La cementera ocupaba una enorme hondonada junto a una cantera apartada, a unos kilómetros hacia el interior, al noroeste de Shoreham. Las instalaciones tenían cientos de hectáreas y ahora solo contenían enormes edificios abandonados. Se rumoreaba que había planes de reactivación, pero desde la salida del último camión, hacía ya casi dos décadas, se había convertido en un poblado fantasma gris y en ruinas de estructuras en su mayoría sin ventanas, maquinaria oxidada, viejos vehículos y caminos invadidos por las hierbas. Los únicos visitantes eran los gamberros y los ladrones que habían acudido sistemáticamente a robar alguno de los motores eléctricos, los cables y las tuberías de plomo, motivo por el que se había instalado aquel completo sistema de seguridad.

Pero aquella mañana de lunes estaba resultando más interesante de lo habitual. Por lo menos en una pantalla en particular, la número 11.

Cada una de las pantallas ofrecía diferentes funciones. El software de detección de movimiento activaba de inmediato una de ellas si se registraba cualquier movimiento, como la llegada o la partida de algún vehículo o cualquier incursión, aunque fuera la de un zorro o un perro vagabundo. En la pantalla 11 se había producido una actividad constante desde que había iniciado su turno, a las 7.00. Era la vista frontal de la casa de los Pearce. Mostraba la cinta de seguridad de la Policía, a un asesor y a tres agentes de la Policía Científica con sus trajes protectores azules y sus guantes de goma, a cuatro patas, escrutando el lugar centímetro a centímetro en busca de cualquier pista que pudiera haber dejado el agresor de la señora Pearce, que se había colado en la casa el jueves por la noche, y pequeños marcadores adhesivos repartidos aquí y allá por el suelo.

Hundió la mano en el gran paquete de patatas fritas Kettle que tenía junto al panel de control de su puesto, se metió un puñado en la boca y las acompañó con un trago de Coca-Cola.

Tenía ganas de ir al lavabo, pero decidió esperar un poco. Podía desconectarse del sistema para hacer lo que llamaban una «pausa», pero llamaría la atención. Solo hacía una hora y media que había empezado el turno; tenía que esperar un poco más si quería quedar bien con el jefe.

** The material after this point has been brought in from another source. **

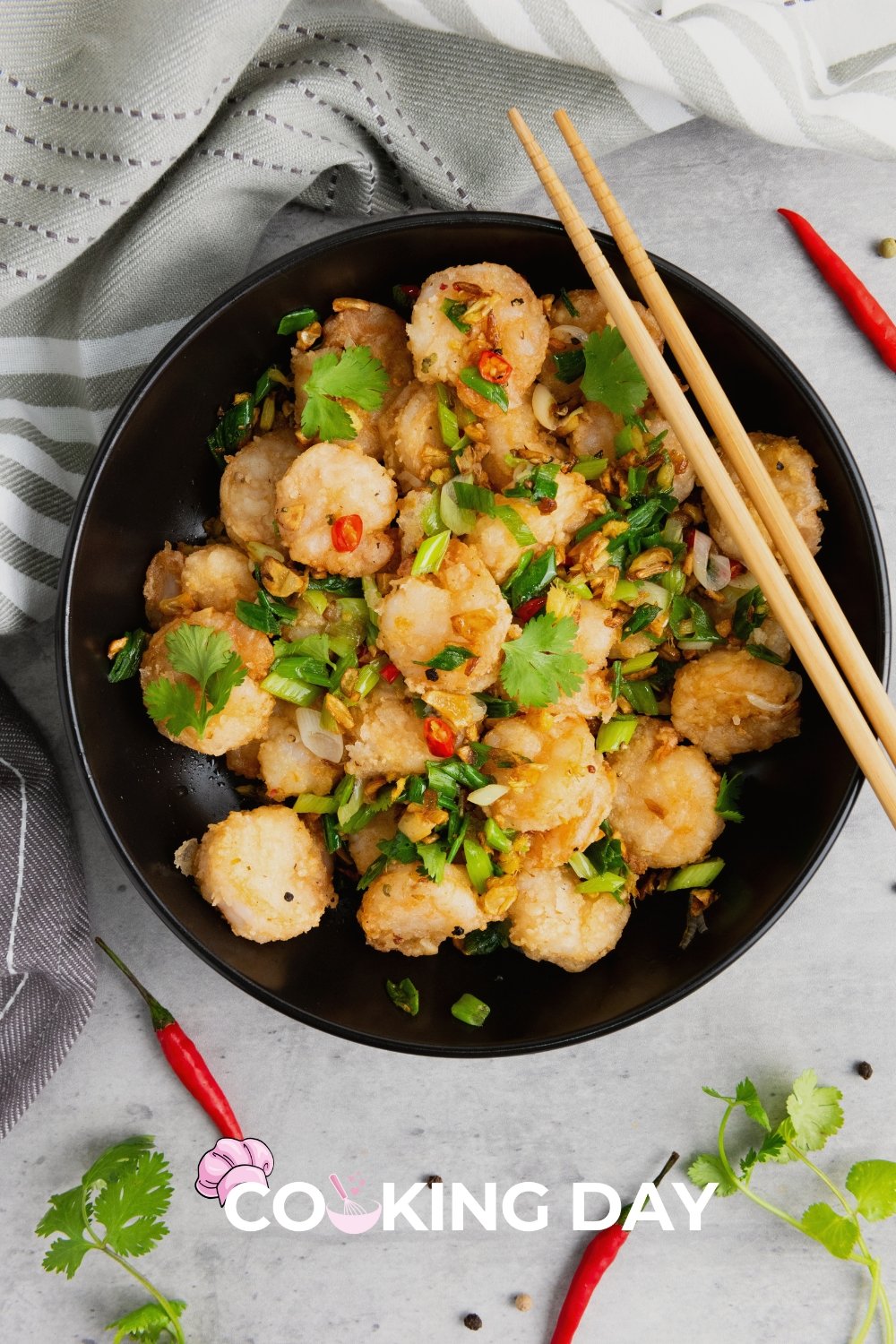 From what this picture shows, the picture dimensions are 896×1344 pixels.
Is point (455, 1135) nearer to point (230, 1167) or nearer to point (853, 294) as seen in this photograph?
point (230, 1167)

Una voz a sus espaldas le sorprendió.

– Me alegro de ver que la línea de The Droveway ya funciona.

Dunstan se giró y vio a su jefe, Garry Starling, propietario de la empresa, mirando por encima de su hombro.

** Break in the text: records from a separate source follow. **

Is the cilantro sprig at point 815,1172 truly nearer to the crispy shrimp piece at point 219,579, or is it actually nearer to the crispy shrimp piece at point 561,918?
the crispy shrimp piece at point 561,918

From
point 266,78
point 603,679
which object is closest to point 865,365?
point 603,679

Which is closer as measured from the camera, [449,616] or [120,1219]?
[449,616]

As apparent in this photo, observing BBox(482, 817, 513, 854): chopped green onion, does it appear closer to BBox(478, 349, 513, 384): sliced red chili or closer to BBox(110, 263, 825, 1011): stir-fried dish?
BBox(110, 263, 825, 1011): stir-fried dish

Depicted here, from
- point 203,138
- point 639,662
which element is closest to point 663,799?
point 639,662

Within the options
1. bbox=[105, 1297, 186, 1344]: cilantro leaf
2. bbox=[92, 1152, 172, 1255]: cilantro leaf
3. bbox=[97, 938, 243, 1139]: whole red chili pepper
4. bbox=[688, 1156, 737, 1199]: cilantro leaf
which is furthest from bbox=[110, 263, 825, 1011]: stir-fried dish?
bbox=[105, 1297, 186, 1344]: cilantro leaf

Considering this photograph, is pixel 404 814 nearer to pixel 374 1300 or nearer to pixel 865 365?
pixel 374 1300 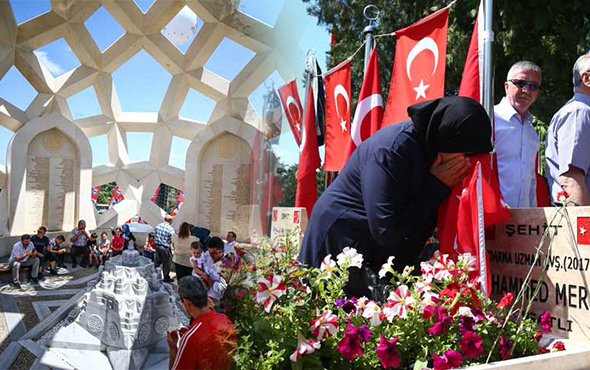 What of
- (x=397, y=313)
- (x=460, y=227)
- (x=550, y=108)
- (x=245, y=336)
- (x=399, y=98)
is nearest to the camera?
(x=245, y=336)

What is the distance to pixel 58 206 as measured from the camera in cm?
150

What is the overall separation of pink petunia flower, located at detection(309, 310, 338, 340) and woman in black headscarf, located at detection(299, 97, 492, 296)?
0.44 meters

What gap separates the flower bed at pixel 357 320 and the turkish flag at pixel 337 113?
4.26 meters

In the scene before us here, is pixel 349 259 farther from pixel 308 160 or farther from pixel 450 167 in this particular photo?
pixel 308 160

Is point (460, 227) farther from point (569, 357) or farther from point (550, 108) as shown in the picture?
point (550, 108)

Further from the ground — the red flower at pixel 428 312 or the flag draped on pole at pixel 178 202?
the flag draped on pole at pixel 178 202

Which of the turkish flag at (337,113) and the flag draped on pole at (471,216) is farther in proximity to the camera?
the turkish flag at (337,113)

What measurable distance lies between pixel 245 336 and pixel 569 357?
1.06m

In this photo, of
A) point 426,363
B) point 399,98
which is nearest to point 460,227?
point 426,363

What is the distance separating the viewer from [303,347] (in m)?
1.16

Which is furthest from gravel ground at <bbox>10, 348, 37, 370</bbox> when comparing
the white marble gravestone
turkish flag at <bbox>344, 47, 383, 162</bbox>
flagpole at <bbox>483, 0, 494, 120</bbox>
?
turkish flag at <bbox>344, 47, 383, 162</bbox>

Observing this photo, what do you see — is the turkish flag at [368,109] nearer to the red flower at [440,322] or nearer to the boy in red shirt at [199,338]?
the red flower at [440,322]

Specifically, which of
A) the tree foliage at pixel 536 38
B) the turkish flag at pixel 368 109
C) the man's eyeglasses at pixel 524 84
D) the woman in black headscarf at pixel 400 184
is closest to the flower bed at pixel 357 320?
the woman in black headscarf at pixel 400 184

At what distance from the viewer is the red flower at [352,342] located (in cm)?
124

Starling tenía la costumbre de hacer aquello. Siempre pillaba a sus empleados por sorpresa. Se acercaba con sigilo por detrás, fuera en ropa de trabajo -camisa blanca, vaqueros y deportivas- o vestido con un traje perfectamente planchado. Pero siempre con sigilo, sin hacer ruido al pisar, como un asaltante furtivo. Sus grandes ojos de búho escrutaban la batería de pantallas.

– Sí, señor Starling. Ya funcionaba al empezar el turno.

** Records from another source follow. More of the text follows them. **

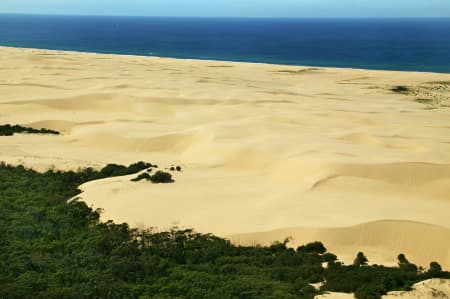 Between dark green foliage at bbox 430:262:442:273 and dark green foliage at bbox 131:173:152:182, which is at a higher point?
dark green foliage at bbox 131:173:152:182

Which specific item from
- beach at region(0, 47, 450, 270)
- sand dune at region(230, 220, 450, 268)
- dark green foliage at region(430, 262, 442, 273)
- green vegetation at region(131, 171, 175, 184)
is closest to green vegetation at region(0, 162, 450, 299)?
dark green foliage at region(430, 262, 442, 273)

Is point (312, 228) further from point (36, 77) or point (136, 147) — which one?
point (36, 77)

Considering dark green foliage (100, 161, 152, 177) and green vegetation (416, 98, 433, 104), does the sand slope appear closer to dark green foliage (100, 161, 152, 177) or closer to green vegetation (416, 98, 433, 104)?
dark green foliage (100, 161, 152, 177)

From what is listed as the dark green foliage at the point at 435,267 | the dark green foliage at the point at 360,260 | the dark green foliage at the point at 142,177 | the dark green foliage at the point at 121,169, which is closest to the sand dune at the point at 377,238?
the dark green foliage at the point at 360,260

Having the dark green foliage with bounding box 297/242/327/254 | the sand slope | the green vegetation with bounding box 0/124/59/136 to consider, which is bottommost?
the sand slope

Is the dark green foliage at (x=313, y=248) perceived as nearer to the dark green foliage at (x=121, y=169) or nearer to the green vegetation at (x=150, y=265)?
the green vegetation at (x=150, y=265)

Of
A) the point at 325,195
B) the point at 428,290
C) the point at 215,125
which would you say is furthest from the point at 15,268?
the point at 215,125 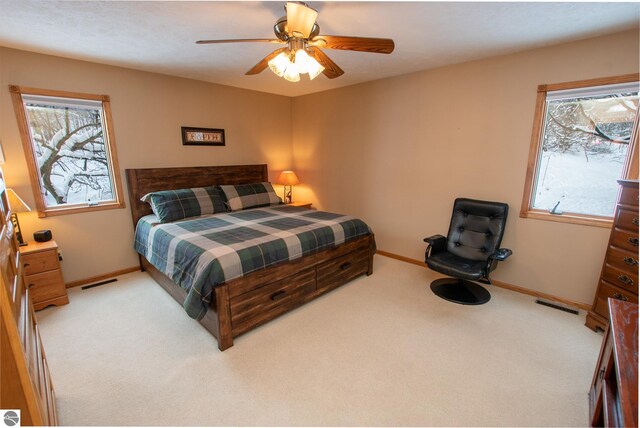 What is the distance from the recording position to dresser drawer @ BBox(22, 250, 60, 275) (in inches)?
99.7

– ¿Se sabe ya qué le pasaba?

– Aún no he hablado con Tony.

Tony era el ingeniero jefe de la empresa.

Starling observó la actividad de la casa de los Pearce unos momentos, asintiendo.

– No pinta bien, ¿verdad, señor? -dijo Christmas.

– Es increíble -dijo Starling-. Lo peor que ha ocurrido nunca en las propiedades que vigilamos, y el jodido sistema va y se estropea. ¡Increíble!

– Ya podía haber sido en otro momento…

– Desde luego.

Christmas accionó un interruptor del panel y enfocó a un miembro de la Policía Científica, que estaba embolsando algo interesante, pero demasiado pequeño para poder verlo a aquella distancia.

– Es curioso lo meticulosos que son estos tipos -observó.

Su jefe no respondió.

– Es como ver CSI.

Tampoco respondió esta vez.

Giró la cabeza y, para su asombro, descubrió que Garry Starling había abandonado la habitación.